Sum-Rank BCH Codes and Cyclic-Skew-Cyclic Codes

TL;DR

This paper introduces sum-rank BCH and cyclic-skew-cyclic codes, characterizes their algebraic structure, establishes bounds on their minimum distance, and demonstrates their superior performance over existing codes with an efficient decoding method.

Contribution

It defines and analyzes sum-rank BCH codes and cyclic-skew-cyclic codes, providing new bounds, structural insights, and practical decoding algorithms for these codes.

Findings

Sum-rank BCH codes outperform previous codes in the binary 2x2 matrix setting.

A lower bound on the minimum sum-rank distance is established.

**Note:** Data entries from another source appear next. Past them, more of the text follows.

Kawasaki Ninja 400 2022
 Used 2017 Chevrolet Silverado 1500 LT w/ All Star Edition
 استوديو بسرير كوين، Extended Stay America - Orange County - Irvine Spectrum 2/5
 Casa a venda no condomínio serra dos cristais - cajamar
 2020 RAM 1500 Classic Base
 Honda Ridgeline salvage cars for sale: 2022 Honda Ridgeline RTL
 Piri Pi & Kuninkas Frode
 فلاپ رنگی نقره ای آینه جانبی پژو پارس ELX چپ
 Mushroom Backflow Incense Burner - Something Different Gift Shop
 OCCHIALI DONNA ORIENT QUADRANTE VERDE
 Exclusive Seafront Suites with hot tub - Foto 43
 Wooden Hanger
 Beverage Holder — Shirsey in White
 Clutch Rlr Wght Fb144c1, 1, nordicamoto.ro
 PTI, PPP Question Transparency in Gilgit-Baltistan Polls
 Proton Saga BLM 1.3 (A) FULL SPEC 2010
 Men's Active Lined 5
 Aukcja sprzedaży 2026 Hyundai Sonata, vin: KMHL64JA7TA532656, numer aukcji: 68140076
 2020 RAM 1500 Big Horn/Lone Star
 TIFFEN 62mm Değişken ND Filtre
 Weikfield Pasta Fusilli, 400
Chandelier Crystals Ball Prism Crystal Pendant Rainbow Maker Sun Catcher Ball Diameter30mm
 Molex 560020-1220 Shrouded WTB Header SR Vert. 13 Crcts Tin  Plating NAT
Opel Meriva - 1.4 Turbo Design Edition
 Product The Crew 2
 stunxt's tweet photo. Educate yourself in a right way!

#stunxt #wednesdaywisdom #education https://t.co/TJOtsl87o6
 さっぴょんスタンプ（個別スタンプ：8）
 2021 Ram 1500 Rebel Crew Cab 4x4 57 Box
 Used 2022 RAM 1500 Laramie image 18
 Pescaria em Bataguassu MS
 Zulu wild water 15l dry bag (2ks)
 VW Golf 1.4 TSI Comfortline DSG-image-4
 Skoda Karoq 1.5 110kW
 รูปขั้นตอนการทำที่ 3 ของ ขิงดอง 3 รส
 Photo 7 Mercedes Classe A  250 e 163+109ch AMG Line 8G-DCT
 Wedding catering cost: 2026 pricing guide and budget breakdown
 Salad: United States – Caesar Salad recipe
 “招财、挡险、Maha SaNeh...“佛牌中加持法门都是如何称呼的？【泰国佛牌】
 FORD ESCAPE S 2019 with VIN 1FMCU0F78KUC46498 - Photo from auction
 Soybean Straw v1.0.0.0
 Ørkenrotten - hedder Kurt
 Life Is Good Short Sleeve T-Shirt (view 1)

An efficient decoder up to half the minimum distance is developed.

Abstract

In this work, cyclic-skew-cyclic codes and sum-rank BCH codes are introduced. Cyclic-skew-cyclic codes are characterized as left ideals of a suitable non-commutative finite ring, constructed using skew polynomials on top of polynomials (or vice versa). Single generators of such left ideals are found, and they are used to construct generator matrices of the corresponding codes. The notion of defining set is introduced, using pairs of roots of skew polynomials on top of poynomials. A lower bound (called sum-rank BCH bound) on the minimum sum-rank distance is given for cyclic-skew-cyclic codes whose defining set contains certain consecutive pairs. Sum-rank BCH codes, with prescribed minimum sum-rank distance, are then defined as the largest cyclic-skew-cyclic codes whose defining set contains such consecutive pairs. The defining set of a sum-rank BCH code is described, and a lower bound on its dimension is obtained. Thanks to it, tables are provided showing that sum-rank BCH codes beat previously known codes for the sum-rank metric for binary $ 2 \times 2 $ matrices (i.e., codes whose codewords are lists of $ 2 \times 2 $ binary matrices, for a wide range of list lengths that correspond to the code length). Finally, a decoder for sum-rank BCH codes up to half their prescribed distance is obtained.